Two FDDI interfaces have been produced by Sun, and several third-party PCIbus and SBus options are available as well. FDDI runs at 100 Mbits/s and so has ten times the bandwidth of standard Ethernet. The SBus FDDI/S 2.0 “ bf” interface is the original Sun SBus FDDI board and driver. It is a single-width SBus card that provides single-attach only. The SBus FDDI/S 3.0, 4.0, 5.0 “ nf” software supports a range of SBus FDDI cards, including both single- and dual-attach types. These are OEM products from Network Peripherals Inc. The nf_stat command provided in /opt/SUNWconn/SUNWnf may be useful for monitoring the interface.

SBus ATM 155-Mbit Asynchronous Transfer Mode Cards

There are two versions of the SBus ATM 155-Mbit Asynchronous Transfer Mode card: one version uses a fiber interface, the other uses twisted pair cables like the 100baseT card. The ATM standard allows isochronous connections to be set up (so audio and video data can be piped at a constant rate), but the AAL5 standard used to carry IP protocol data makes it behave like a slightly faster FDDI or 100baseT interface for general-purpose use. You can connect systems back-to-back with just a pair of ATM cards and no switch if you only need a high-speed link between two systems. ATM configures a 9-Kbyte segment size for TCP, which is much more efficient than Ethernet’s 1.5-Kbyte segment.

622-Mbit ATM Interface

The 622-Mbit ATM interface is one of the few cards that comes close to saturating an SBus. Over 500 Mbits/s of TCP traffic have been measured on a dual CPU Ultra 2/2200. The PCIbus version has a few refinements and a higher bandwidth bus interface, so runs a little more efficiently. It was used for the SPECweb96 benchmark results when the Enterprise 450 server was announced. The four-CPU E450 needed two 622-Mbit ATM interfaces to deliver maximum web server throughput. See “SPECweb96 Performance Results ” on page 83.

Gigabit Ethernet Interfaces— `vge`

Gigabit Ethernet is the latest development. With the initial release, a single interface cannot completely fill the network, but this will be improved over time. If a server is feeding multiple 100-Mbit switches, then a gigabit interface may be useful because all the packets are the same 1.5-Kbyte size. Overall, Gigabit Ethernet is less efficient than ATM and slower than ATM622 because of its small packet sizes and relative immaturity as a technology. If the ATM interface was going to be feeding many Ethernet networks, ATM’s large segment size would not be used, so Gigabit Ethernet may be a better choice for integrating into existing Ethernet networks.

Using NFS Effectively

The NFS protocol itself limits throughput to about 3 Mbytes/s per active client-side process because it has limited prefetch and small block sizes. The NFS version 3 protocol allows larger block sizes and other changes that improve performance on high-speed networks.
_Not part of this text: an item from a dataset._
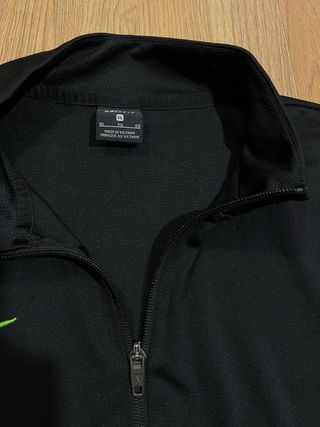 Chaqueta deportiva Nike Dri Fit talla XL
This limit doesn’t apply to the aggregate throughput if you have many active client processes on a machine.

First, some references:

Managing NFS and NIS by Hal Stern (O’Reilly)—essential reading!
SMCC NFS Server Performance and Tuning Guide

The SMCC NFS Server Performance and Tuning Guide is part of the SMCC hardware-specific manual set. It contains a good overview of how to size an NFS server configuration. It is updated with each Solaris release, and I think you will find it very useful.

How Many NFS Server Threads?

In SunOS 4, the NFS daemon nfsd services requests from the network, and a number of nfsd daemons are started so that a number of outstanding requests can be processed in parallel. Each nfsd takes one request off the network and passes it to the I/O subsystem. To cope with bursts of NFS traffic, you should configure a large number of nfsds, even on low-end machines. All the nfsds run in the kernel and do not context switch in the same way as user-level processes do, so the number of hardware contexts is not a limiting factor (despite folklore to the contrary!). If you want to “throttle back” the NFS load on a server so that it can do other things, you can reduce the number. If you configure too many nfsds, some may not be used, but it is unlikely that there will be any adverse side effects as long as you don’t run out of process table entries. Take the highest number you get by applying the following three rules:

Two NFS threads per active client process
Sixty-four NFS threads per SuperSPARC processor, 200 per UltraSPARC
Sixteen NFS threads per Ethernet, 160 per 100-Mbit network

What Is a Typical NFS Operation Mix?

There are characteristic NFS operation mixes for each environment. The SPECsfs mix is based on the load generated by slow diskless workstations with a small amount of memory that are doing intensive software development. It has a large proportion of writes compared to the typical load mix from a modern workstation. If workstations are using the cachefs option, then many reads will be avoided, so the total load is less, but the percentage of writes is more like the SPECsfs mix. Table 9-1 summarizes the information.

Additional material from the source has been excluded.